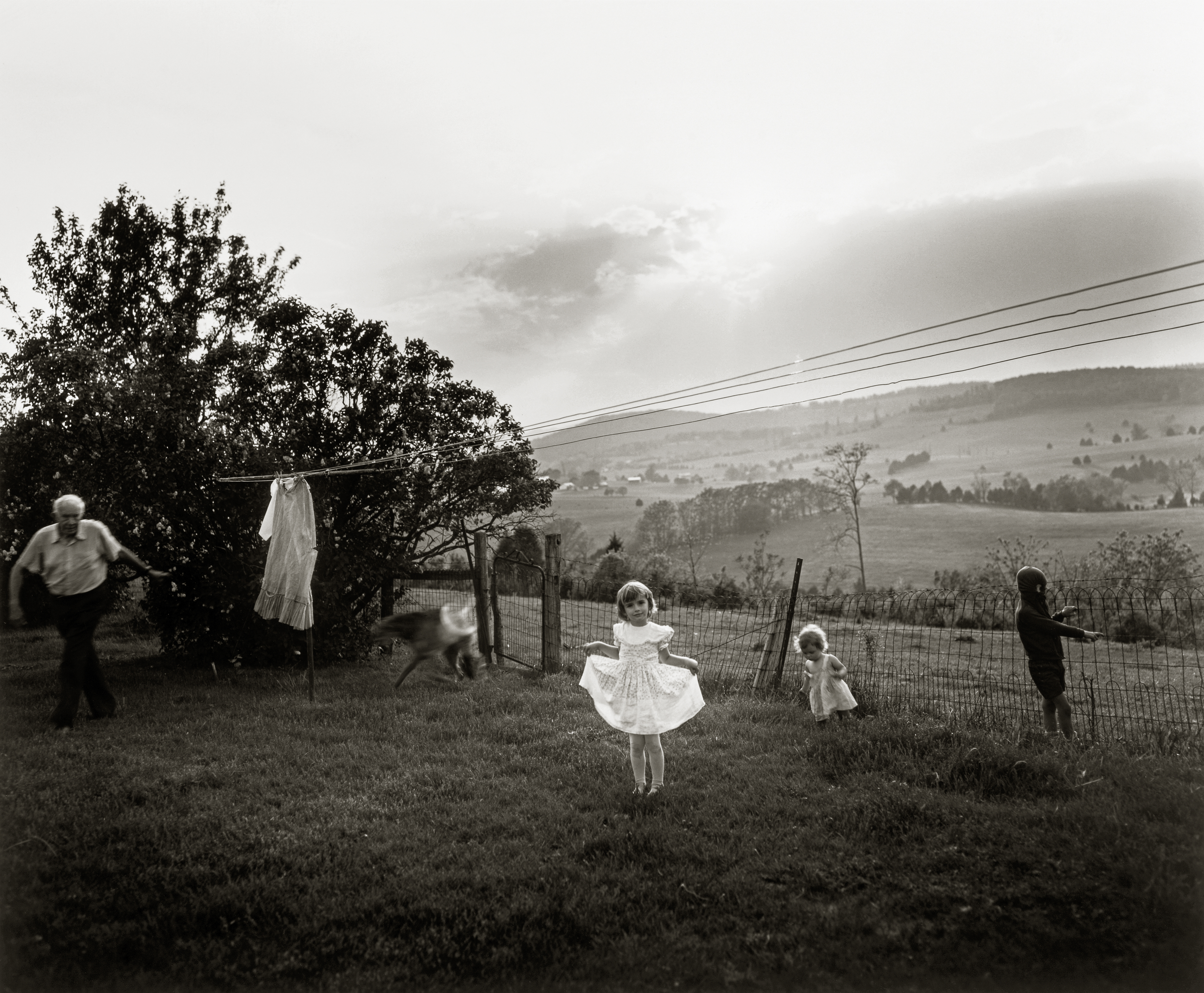 sally mann photograph of a little girl in a white dress, standing in a rural yard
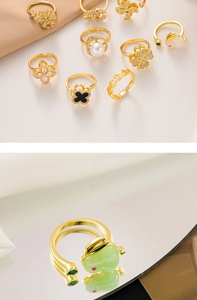 Close-up of adjustable gold-plated ring with a green rabbit motif on a mirror surface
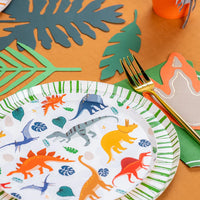 Detail of plate rim and gold fork beside green leaf decorations.
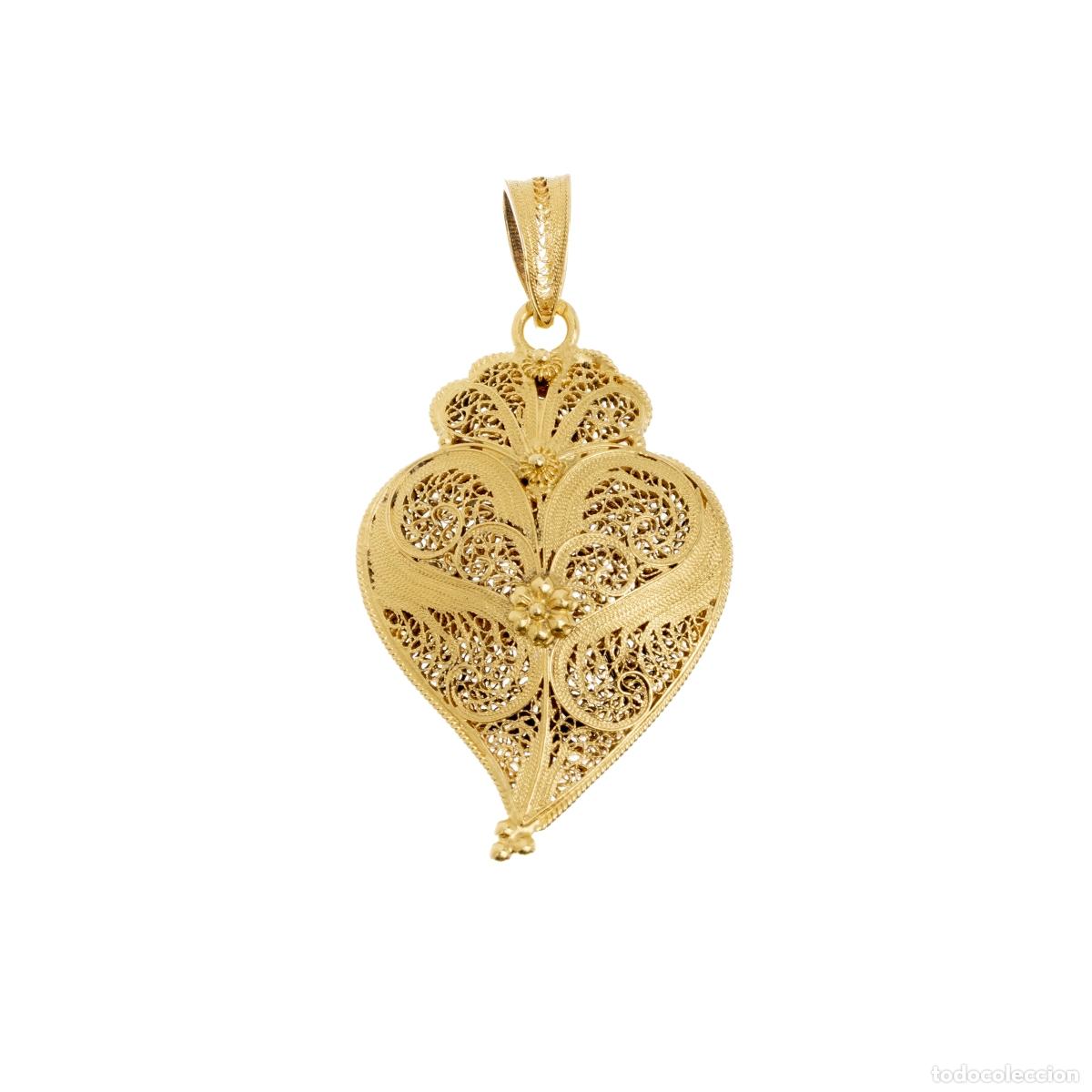 Gioielleria: Colgante en oro de 19,2 quilates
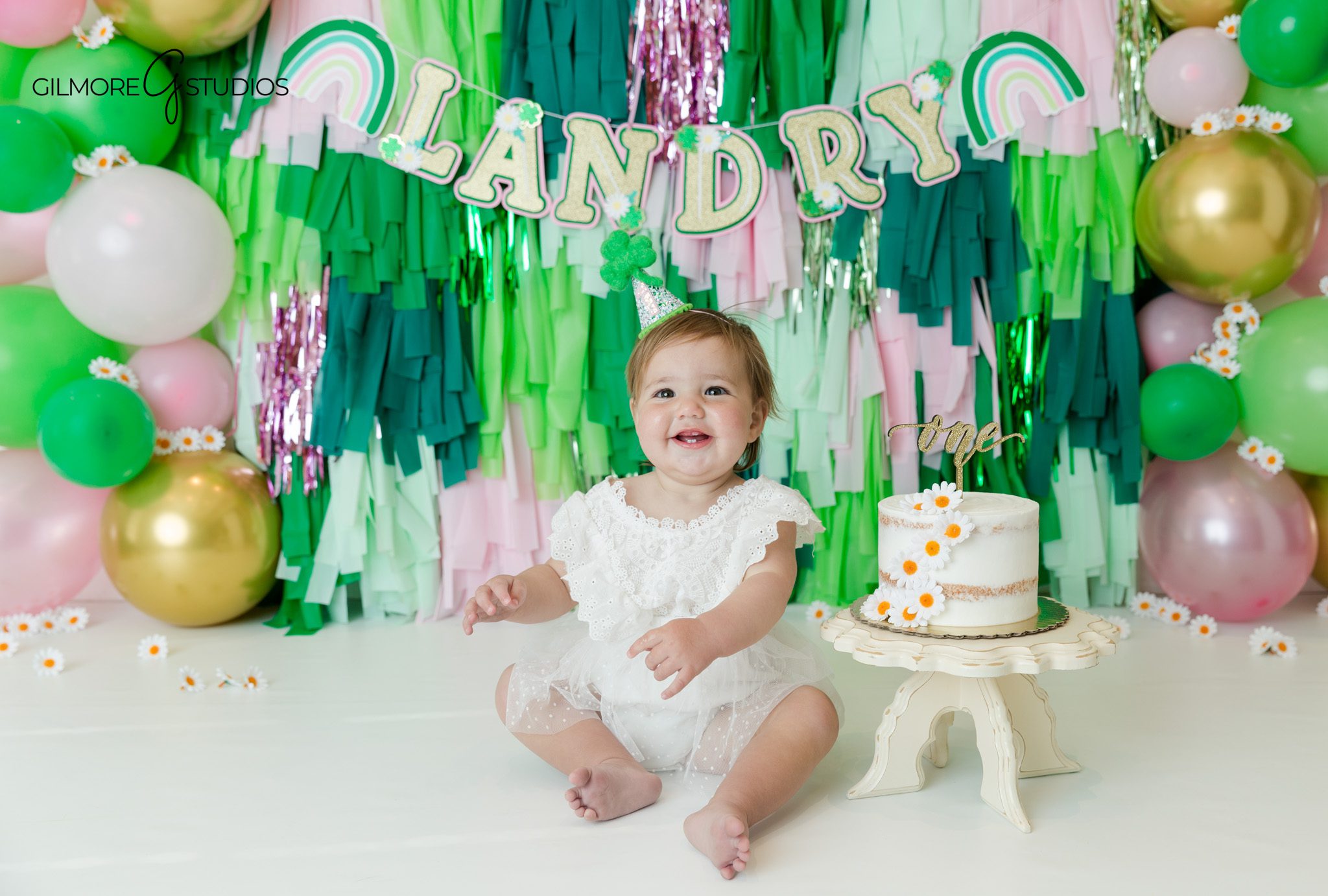 cake smash photographer first birthday baby portrait session indoors
first birthday cake smash photography baby girl studio portrait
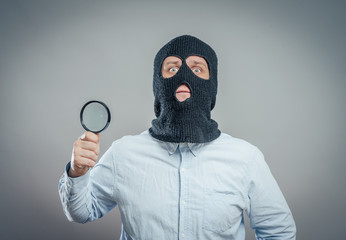 Man Wearing Mask and magnifier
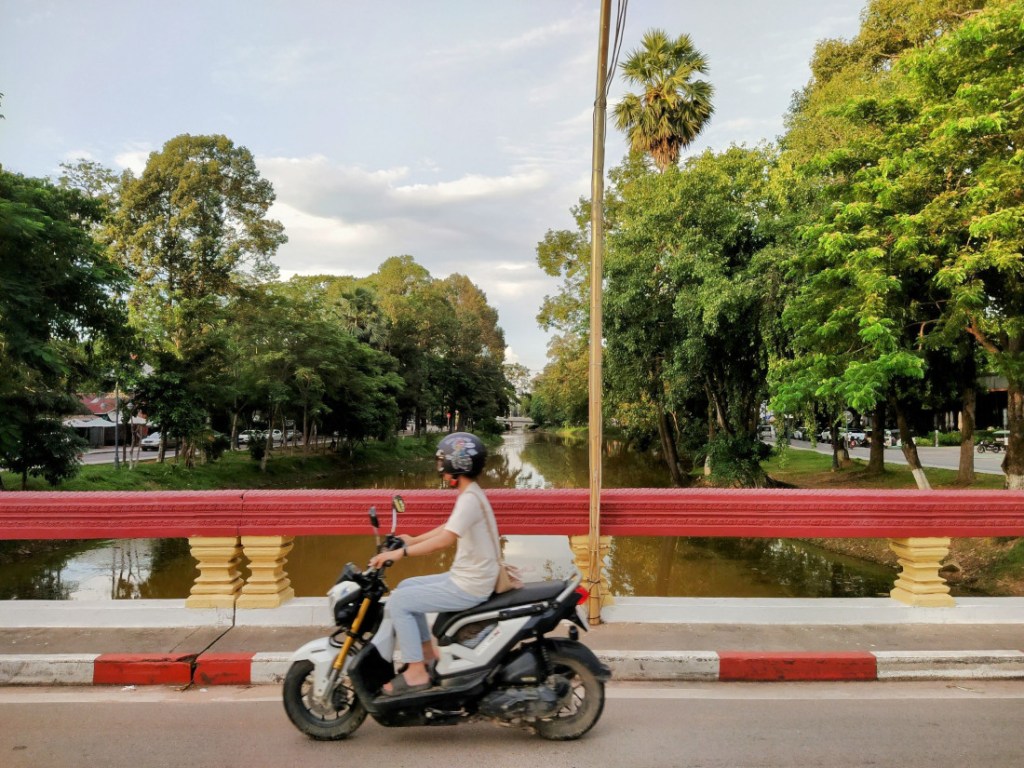 moto driving on a bridge over the siem reap river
━━━━━━━━━━━━━━━━━━━━━━━━━━━━━━
From the line containing "Close-up of adjustable" to the last line of the entries, copy every line exactly, including both ends, and leave out the pictures.

 Close-up of adjustable gold-plated ring with a green rabbit motif on a mirror surface
 Detail of plate rim and gold fork beside green leaf decorations.
 Gioielleria: Colgante en oro de 19,2 quilates
 cake smash photographer first birthday baby portrait session indoors
first birthday cake smash photography baby girl studio portrait
 Man Wearing Mask and magnifier
 moto driving on a bridge over the siem reap river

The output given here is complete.